Ack, Private beat me by a few seconds, but it does an excellent job for color control.


----------



## Kristofgss (Sep 26, 2013)

+1 on the x-rite. I use one of these when going for exact color replication.
In addition, when it is more of a grab-and-go-shoot occasion, I really like the lightform picture style from cineplus. For the ffew euro's it costs, it's a great addition to the camera. You also have a free studio picture style from canon itself. http://www.canon.co.jp/imaging/picturestyle/file/studio-portrait.html


----------



## YuengLinger (Sep 26, 2013)

What situations are you shooting in? Indoors with mixed or consistent lighting? Outdoors?

Might you be over-complicating things with a custom WB? Shooting in RAW with Auto WB, if the lighting is consistent, not, say, tungsten mixed with window light, or flash fighting with different colored walls and overhead lights, my 5DIII seems to be just right most of the time when I view in LR5 or Canon's DPP.

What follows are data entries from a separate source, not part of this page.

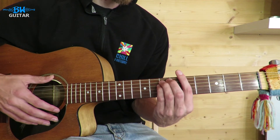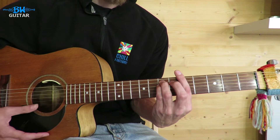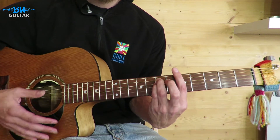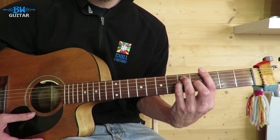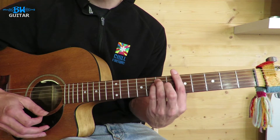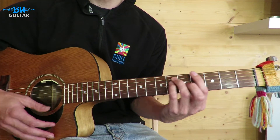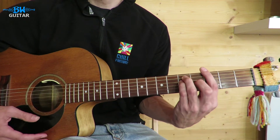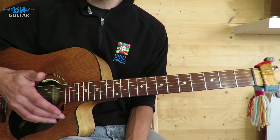The first thing we'll look at in the verse is the chords. We've got an A minor at the fifth fret bar chord, E minor shape, and then we have a G which we'll play at the third fret, E shape. So we have a bar of A minor, bar of G, bar of A minor, bar of G, and so on for the whole verse — just those two chords looping around.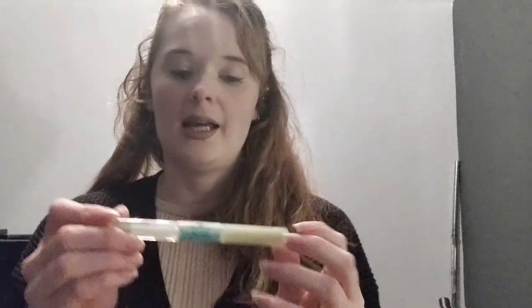I have this Rimmel Scandalize eyeliner - I've actually got it on today. I just want to use it up before it dries out because it's been open a while, though it's still absolutely fine. It works well and is probably a product I would purchase again. I also have this tea tree and witch hazel spot wand. It's been here a long time. I do have some bad blemishes on my chin at the moment, so I have been actually using this, but I want to use it and get it gone.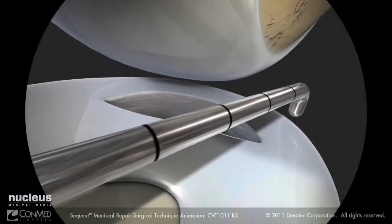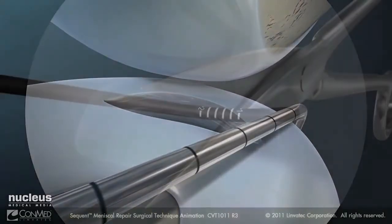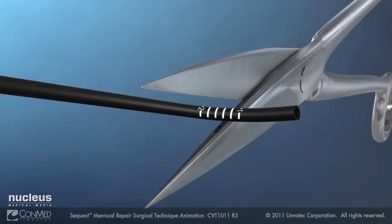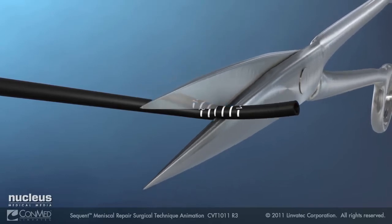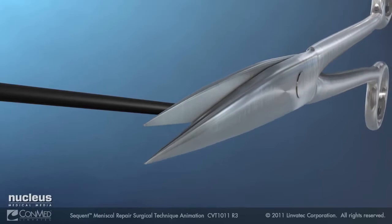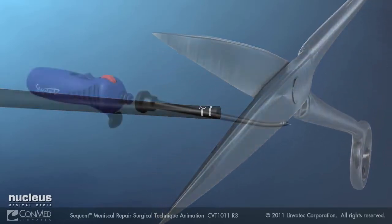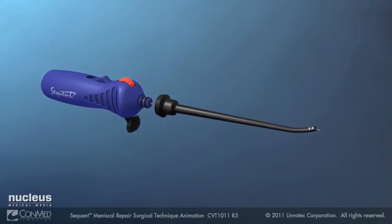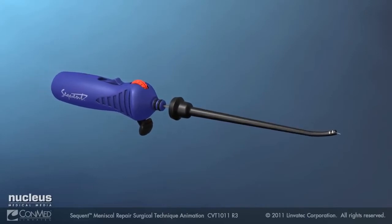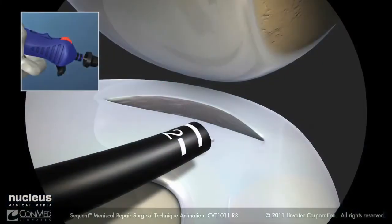Use a probe to approximate the deepest depth of needle penetration that will be needed. Cut the depth stop sheath to the appropriate graduation. Ensure that the depth stop will allow the needle to penetrate the meniscus at the deepest portion of the tear. Use the sheath as a protective entry cannula for entry of the meniscal needle into the joint space.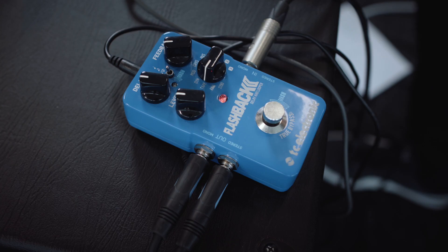Hey guys, this is Lars from TC and I'm here to tell you today that we have a new firmware update for the Flashback 2 delay pedal. This one gives you the long-awaited optional tap tempo built into the pedal. You get the choice between mash or tap tempo, and here's how you do it.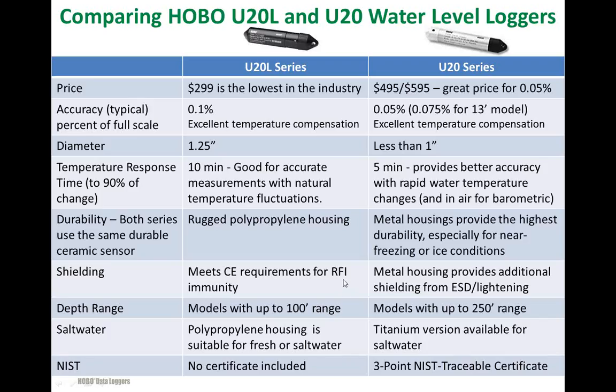This slide compares the U-20L series in this column to the U-20 series — our metal, titanium, and stainless steel loggers — in this column. Both of them offer advantages, so we'll give you a chance to compare them. First, in terms of price: the U-20L features its $299 price, which we're very excited about. The stainless steel U-20 loggers sell for $495, and the titaniums sell for $595 — and that's still a great price for that kind of accuracy.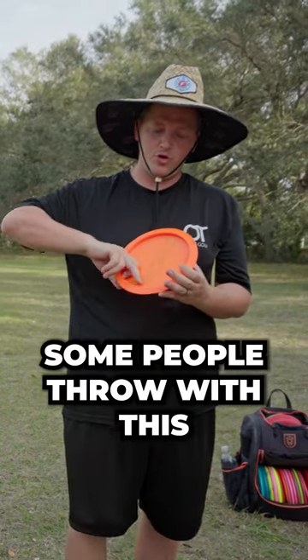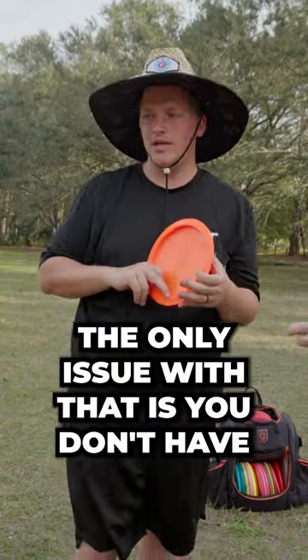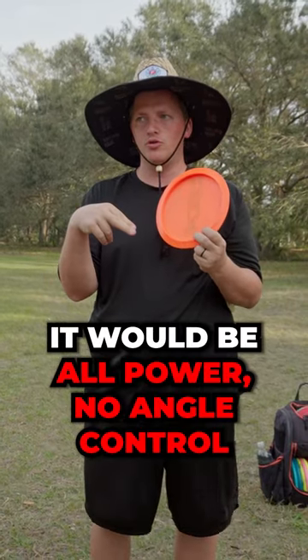Some people throw with this finger all on the rim. The only issue with that is you don't have much angle control. If you had both fingers on the rim it would be all power, no angles.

Sometimes in fluorescent lighting, though, African-American skin can get a little too mahogany (reddish brown) if my exposure is a little dark, and a little yellow if too bright. But Oriental and Caucasian, skin tones seem accurate if the subject is healthy.

I do start with a neutral gray card for location portraits and indoor events--but the Color Checker looks even more helpful.


----------



## chauncey (Sep 26, 2013)

Why worry about skin tones...when ya shoot in RAW, you adjust skin tones in your PP software using the methods previously mentioned. 
Aah...you do shoot in RAW...right.


----------



## rlarsen (Sep 27, 2013)

I appreciate the help from my friends here, thanks a lot.
I purchased the Passport and look forward to seeing how it can help skin color quality and accuracy. Creating a new camera profile is something that will be great to learn about. 

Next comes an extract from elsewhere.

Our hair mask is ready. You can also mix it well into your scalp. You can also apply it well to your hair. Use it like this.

I'm still surprised by the color cast, heavy in reds and magenta, and some excess yellow I get using the 5D with a carefully created custom white balance in jpegs.

Are the RAW shooters here getting great skin color just using the PS yellow-blue and magenta-green sliders, and white point, or are there other controls I should be using ? I struggle with the two sliders in the RAW converter.

This is a great message board, thanks for helping out.

Rex


----------



## privatebydesign (Sep 27, 2013)

No don't use the two white balance sliders. In Adobe Camera Raw, ACR, you need to go to the Camera Calibration tab, click on that and you get the panel below. I have arrowed the camera calibration tab, and the sub tab where any new profiles will reside, having said that if you click on that second tab you will find Adobes version of Canons Picture Styles. Try them, some are much less magenta/red.


----------



## rlarsen (Sep 27, 2013)

Really nice of you to share that color control option. Thanks a lot !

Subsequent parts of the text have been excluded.